Dieser Tage las ich ein Interview auf der Website des «Deutschlandfunk» mit dem Kirchenhistoriker Thomas Kaufmann, der der Meinung ist, dass man die «Judensau» zu Wittenberg weiterhin im Kirchenrelief lassen soll, als Denkmal, dass der «heutige Standard» keine Selbstverständlichkeit ist und weil man als Jude mit den «Spannungen leben» lernen muss. Herr Kaufmann meint wohl, dass es uns Juden im Vergleich zu damals gut geht. Nun ja, dazu muss ich sagen, dass es uns Juden im Vergleich zu damals besser geht, allerdings ist der Vergleich etwas schief, wenn man das 21. Jahrhundert mit dem 15/16 Jahrhundert vergleichen will, einer Zeit, in der Menschen wegen Ketzerei und Häresie umgebracht wurden und Pogrome Alltag waren, denn selbst heute noch wächst und gedeiht der Antisemitismus und der «heutige Standard» ist alles andere als berauschend, wenn man jüdisch ist. Wie zum Beispiel Attentate wie die Halle und Toulouse bewiesen haben, als ein rechtsextremer beziehungsweise islamistischer Attentäter unsere Kinder in einer jüdischen Schule respektive uns Juden beim Gebet am heiligsten Tag im jüdischen Kalender ermorden wollte. Noch immer müssen Synagogen und andere jüdische Einrichtungen wie Schulen, mitten in Europa rund um die Uhr bewacht werden wegen Antisemiten, die uns Juden, aus ihrem ureigenen Wahn heraus, meucheln wollen.

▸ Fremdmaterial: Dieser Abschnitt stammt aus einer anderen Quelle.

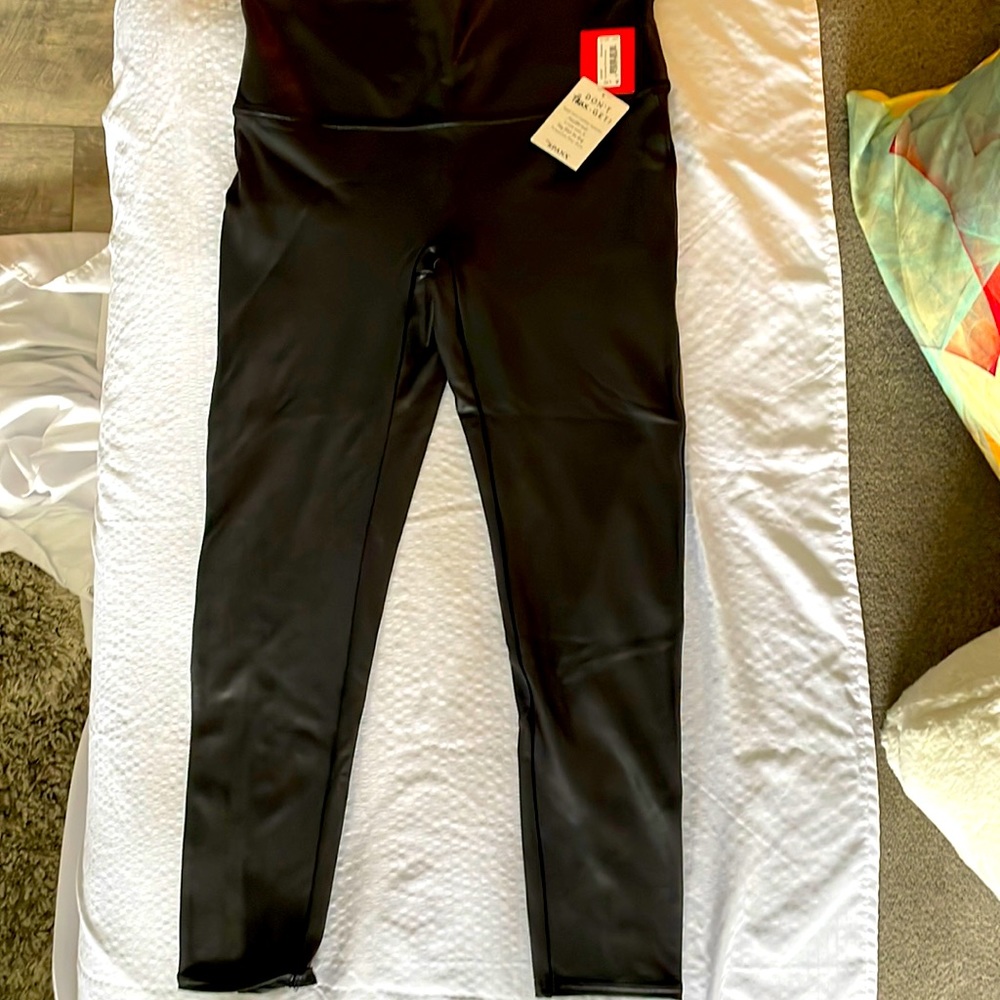 Spanx faux leather 7/8 track stripe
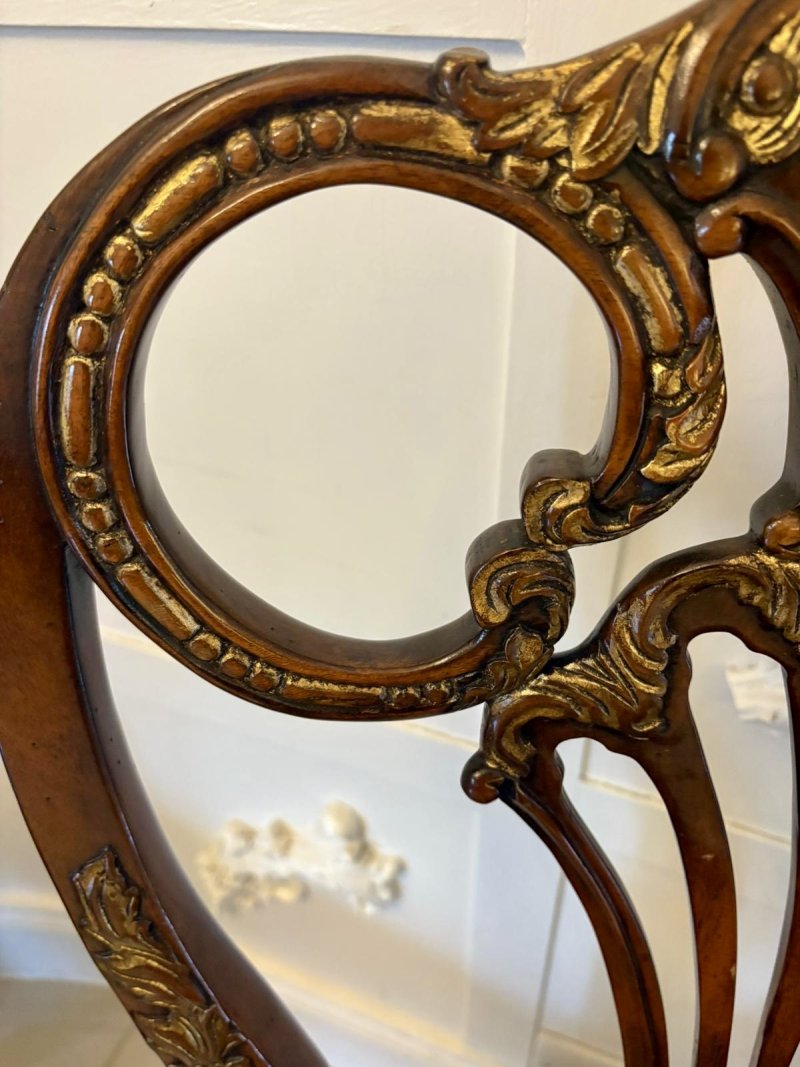 Outstanding Quality Set of 8 Antique Edwardian Carved Walnut and Gilded Dining Chairs - Image 7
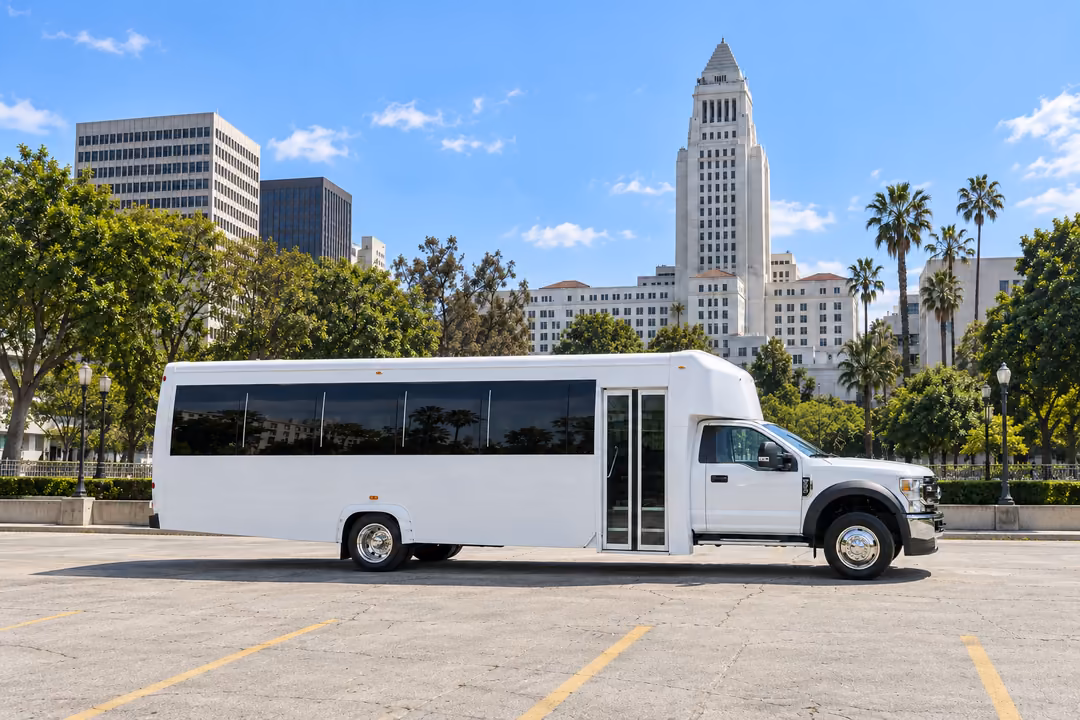 Los Angeles 25 passenger party bus rental exterior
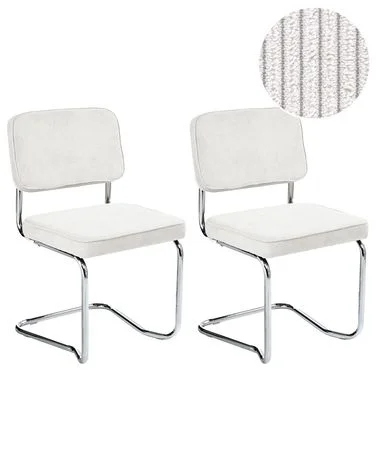 Sett med 2 spisestoler IRWIN Kordfløyel Off white v:5049467 Sett med 2 spisestoler IRWIN Kordfløyel Off white v:5049467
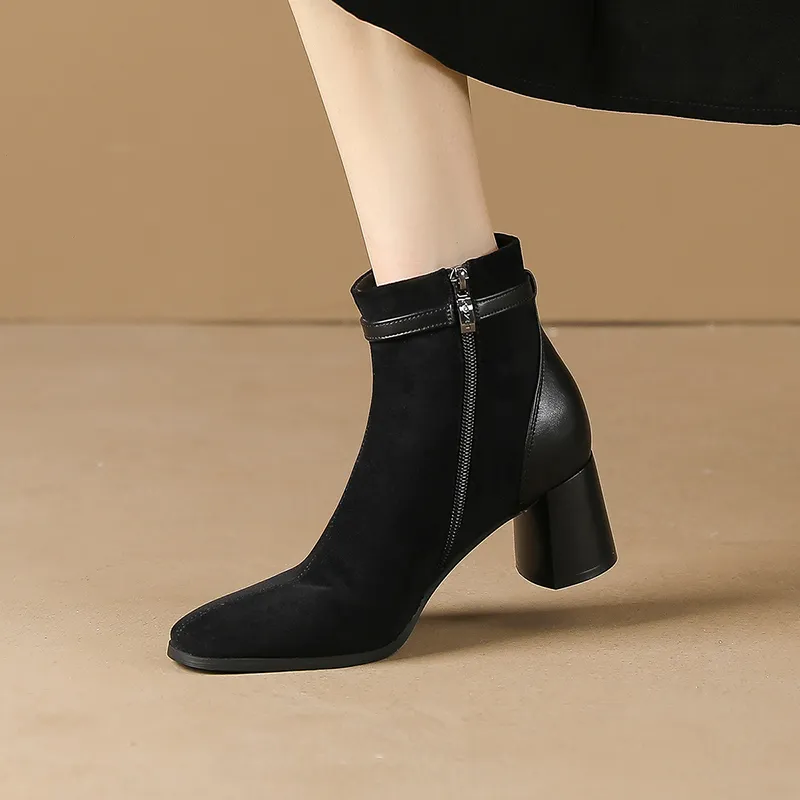 COVER Ankle Boots 5.5cm Women's Black-3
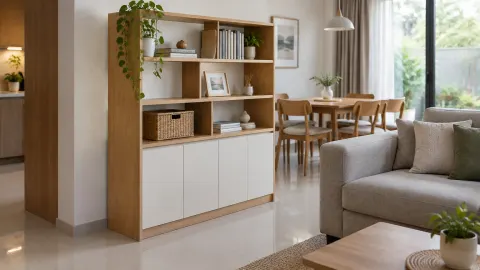 Rak terbuka dan kabinet tertutup membatasi ruang keluarga dan area makan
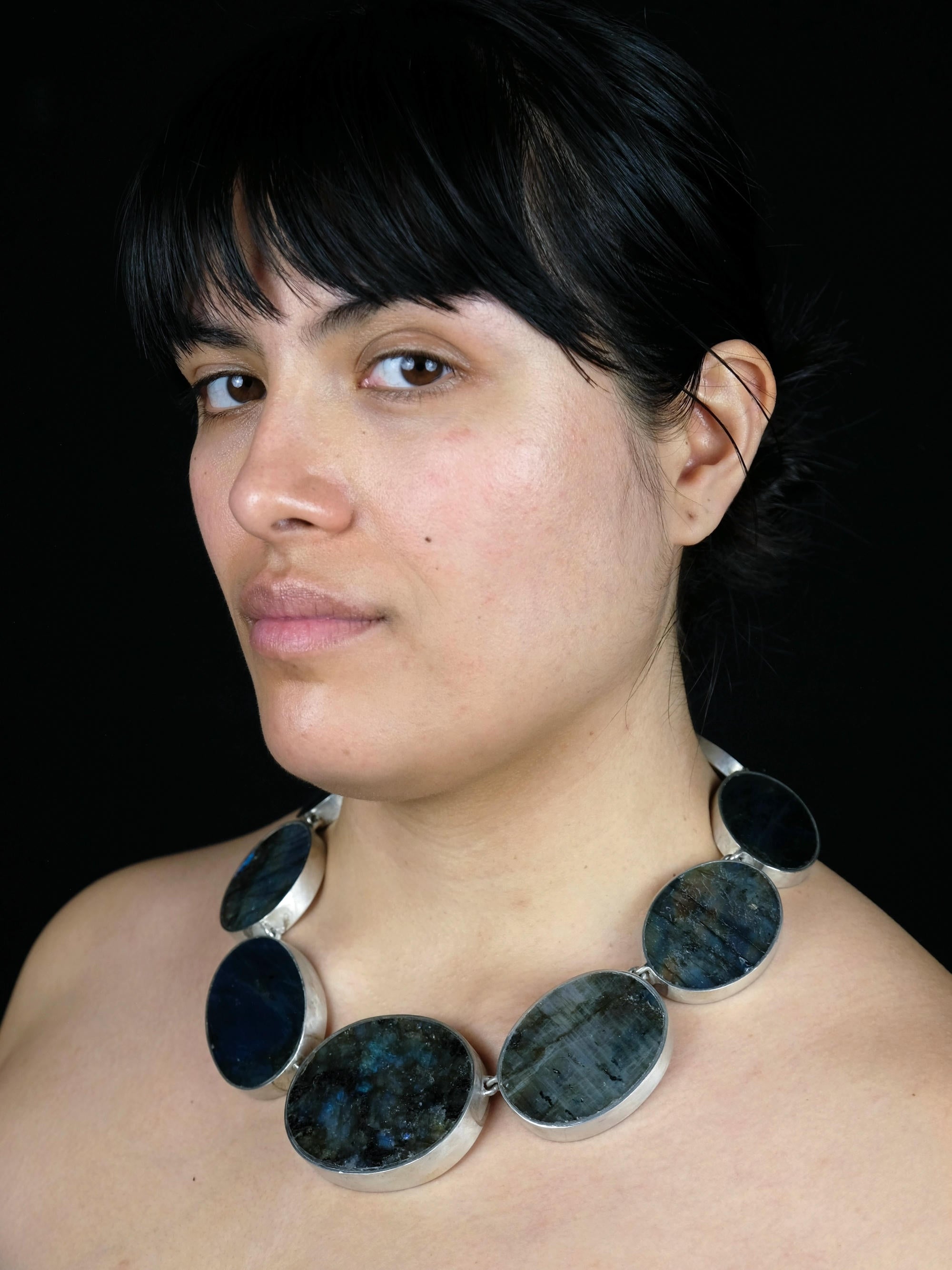 Necklace: silver, labradorite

Aber der Antisemitismus dieser Tage beschränkt sich nicht nur aufs Judenmeucheln. Nein, manche Antisemiten wollen Juden primär demütigen, wie die Karnevalisten in der belgischen Stadt Aalst, die deshalb berühmt-berüchtigt wurde, weil schon letztes Jahr zum Karneval ein Karnevalswagen mit antisemitischen Stereotypen, sprich Juden mit Hakennasen, die auf Geldsäcken sitzen, gestaltet wurde. Diese Karnevalisten wollen dies wieder machen und bekommen dafür moralische Unterstützung vom Bürgermeister von Aalst, der von «künstlerischer Freiheit» fabuliert und uns Juden auffordert, wie viele andere Nicht-Juden, es mit Humor zu  nehmen. Schliesslich sei halt Karneval/Fastnacht/Fasching und das gehöre zu den europäischen Traditionen. Wissen Sie, was auch europäische Traditionen gewesen sind? Das Verbrennen von vermeintlichen Ketzern und Hexen auf dem Scheiterhaufen und Osterpogrome, d.h. Pogrome zu Osterzeit, weil die lieben christlichen Mitbürger von den Kirchen aufgehetzt ihr Mütchen an uns Juden kühlen wollten, wegen dem vermeintlichen Deizid von Jesus  durch uns Juden. Ich hoffe doch sehr, dass kein vernunftbegabter Mensch diese Traditionen vermisst oder insgeheim hofft, diese Traditionen wiederbeleben zu können.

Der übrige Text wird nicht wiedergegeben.